William Saletan recently published an article in Slate where he concluded:

Prejudice is a persistent affliction. It deserves constant vigilance. But we’re making progress against it. That’s true of every kind of prejudice, including race, sex, religion, ethnicity, and sexual orientation. As prejudice becomes anathema, the power of bigotry declines, and the power of charging people with bigotry increases. The two problems aren’t equivalent. But their trajectories are headed in opposite directions.

He illustrates this point with three examples: The Overland Park shootings;  a speech in the U.N. about Israel; and the false news about flyers being distributed in the Ukrainian city of Donetsk encouraging Jews to register. But his broader point is that antisemitic incidents (in the U.S. are decreasing) and that charges of antisemitism can “be hyped, misrepresented, or even fabricated for political gain.”

Of course they can, but how often does it happen? And is it a problem when it does?

Saletan’s examples does his case a disservice: As he is at pains to point out, the Kansas shooting was a hate crime. And although it does not point to a trend in the U.S., it is part of a global trend that ought to worry everyone. While reactions to Rima Khalaf’s speech may have inferred more than Saletan thinks is warranted, it is not without troubles. And finally, while the reports from Ukraine turned out to be false, they were unfortunately also believable.

While there may have been overreactions to all these examples, all of them warranted some reaction.

It is, of course, a sin to cry wolf, also when it comes to antisemitism or any other form of bigotry.

But while it is hard to think of a single case in history where overreaction to bigotry did harm, there are countless examples where people naively or hopefully underestimated more or less cloaked bigotry. Especially when they risk being accused of being melodramatic, overly sensitive, or uppity.
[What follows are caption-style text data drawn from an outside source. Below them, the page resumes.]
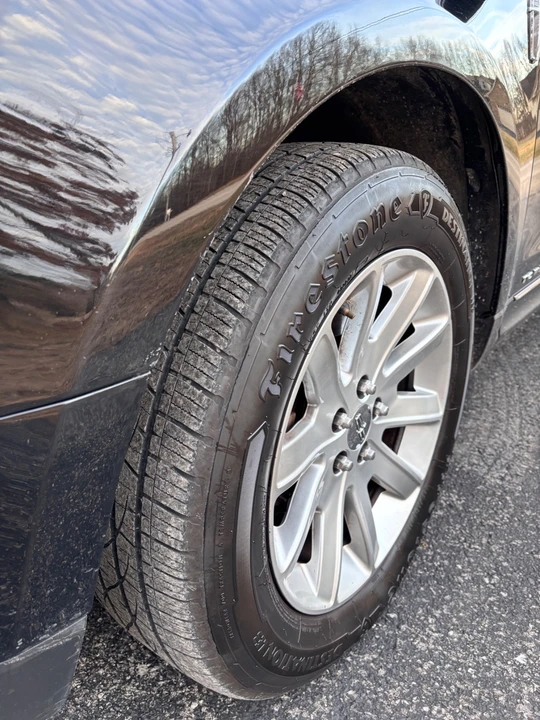 2017 Lincoln MKT - Image 2 of 18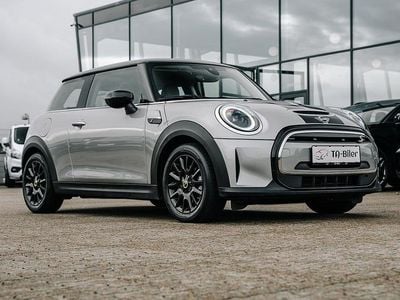 Sølvmetal Brugt 2022 Mini Cooper SE Essential Hatchback | 169.900 kr. (Lidt for dyr)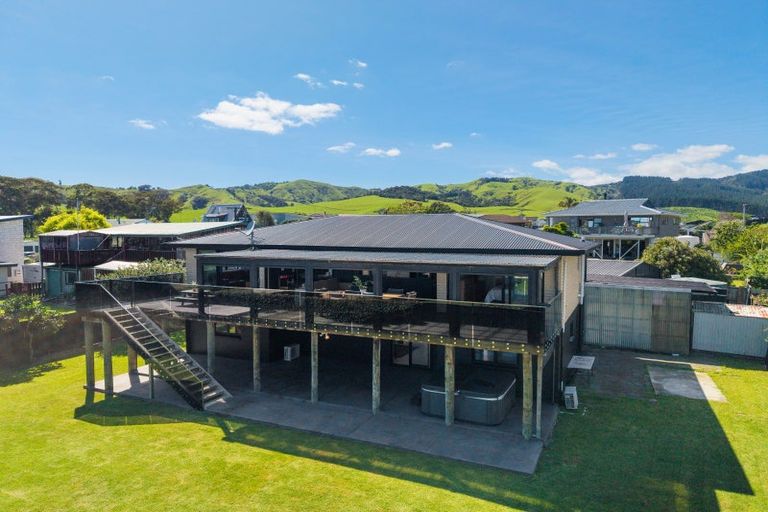 Photo of property in 10 Cottonwood Place, Kawakawa Bay, Papakura, 2585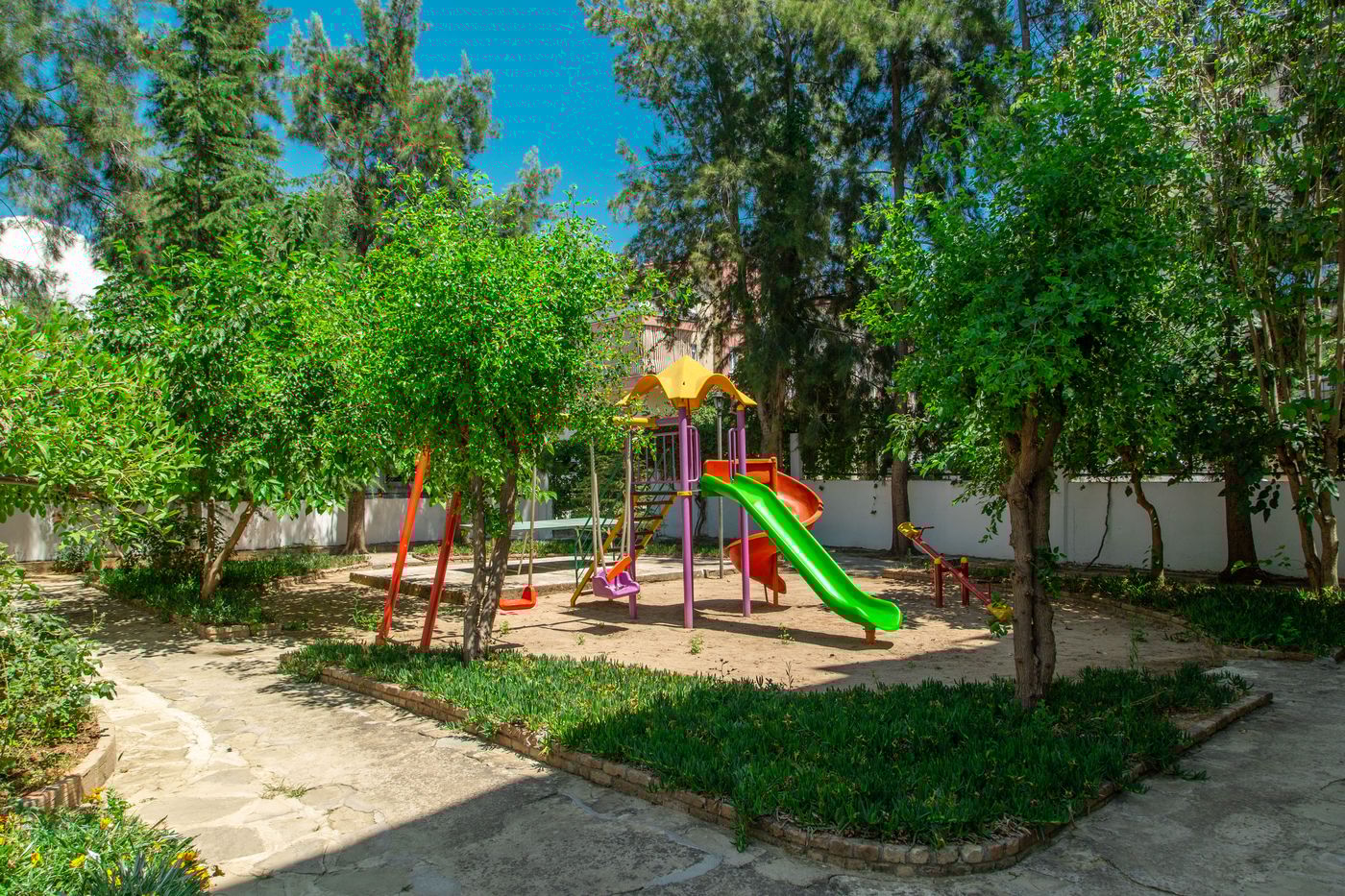    Lemas Suites Hotel Side 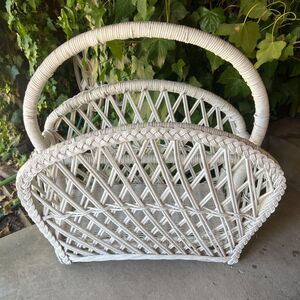Wicker White Divided Magazine Basket Rack Sturdy VTG cottage core boho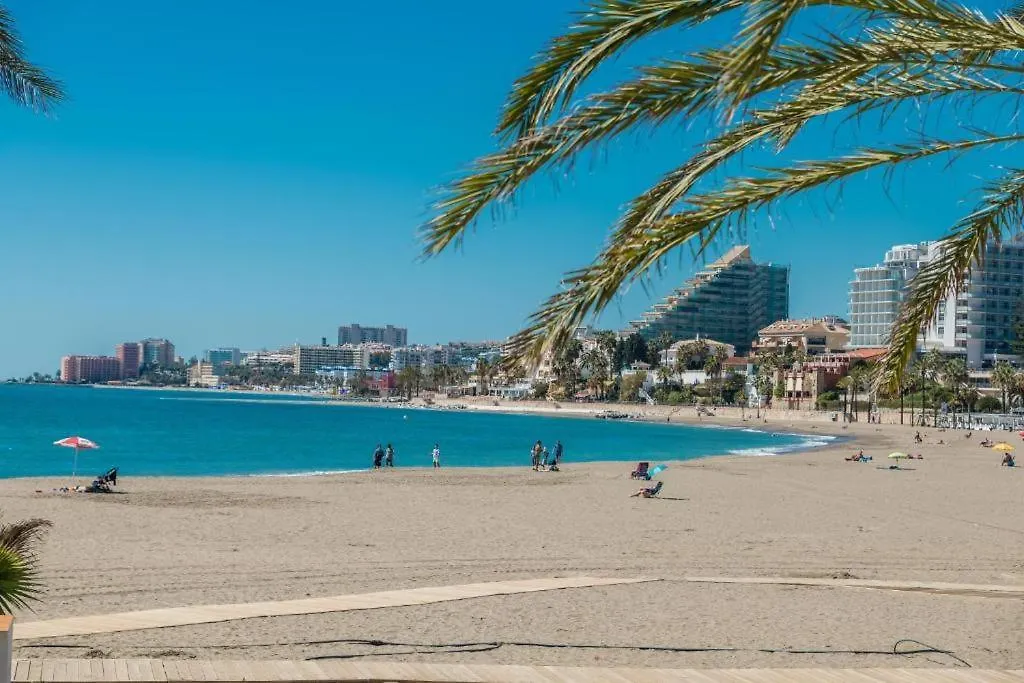 Modern And Luxury 2 Bedroom Apartment On Island In The Marina Harbour Benalmádena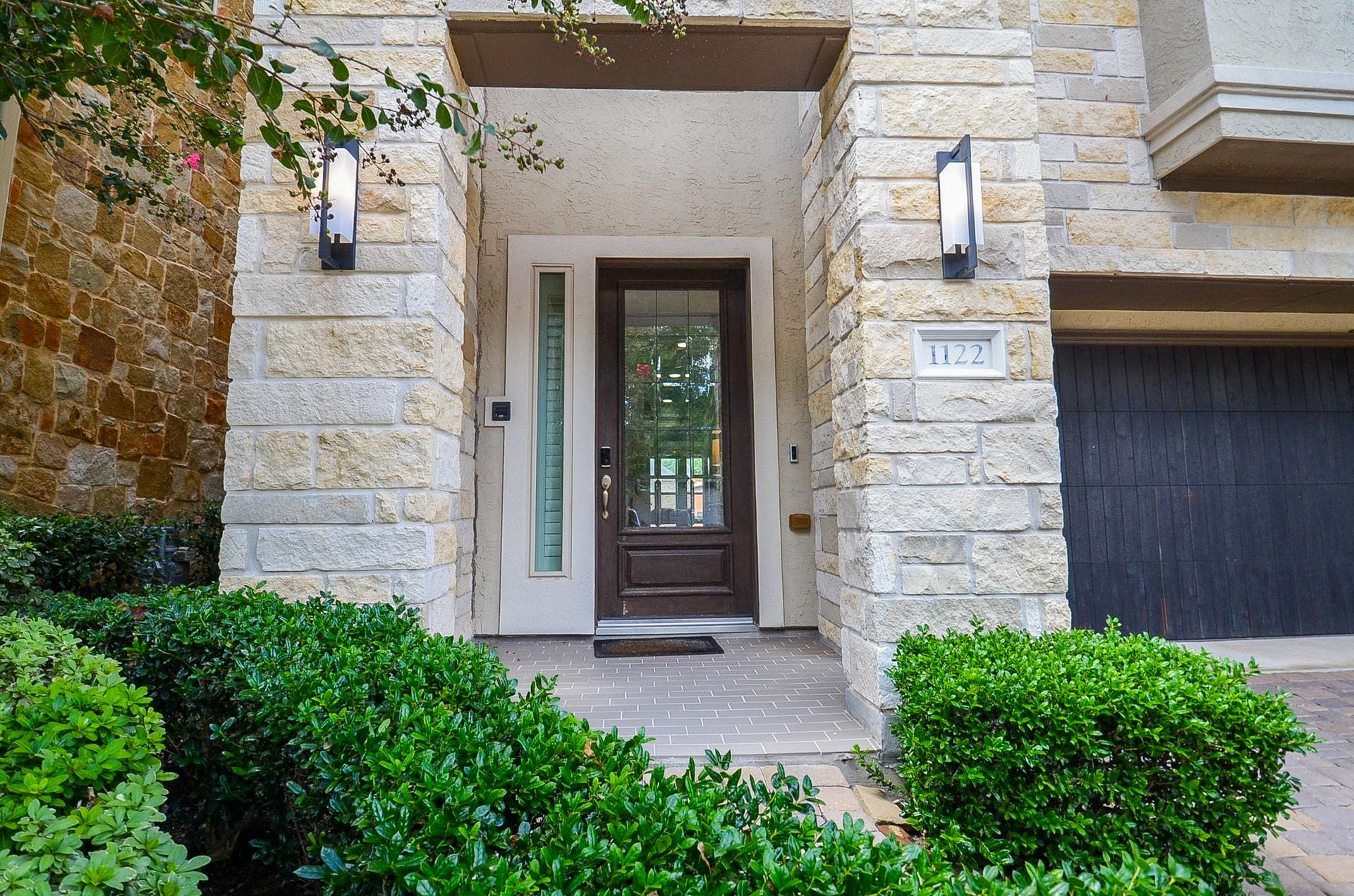 1122 Old Oyster Trail, Sugar Land, TX 77478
I happen to think that in spite of all the progress we hope to have made, bigotry persists in the U.S., Europe, and every other place that fancies itself a liberal democracy. It seems to me far more useful to understand the basis for accusations of – for example – antisemitism, than to dismiss them because they seem at first glance to be overblown. Each of Saletan’s examples is interesting for its own reasons – the problem he sees with them is probably the least useful element.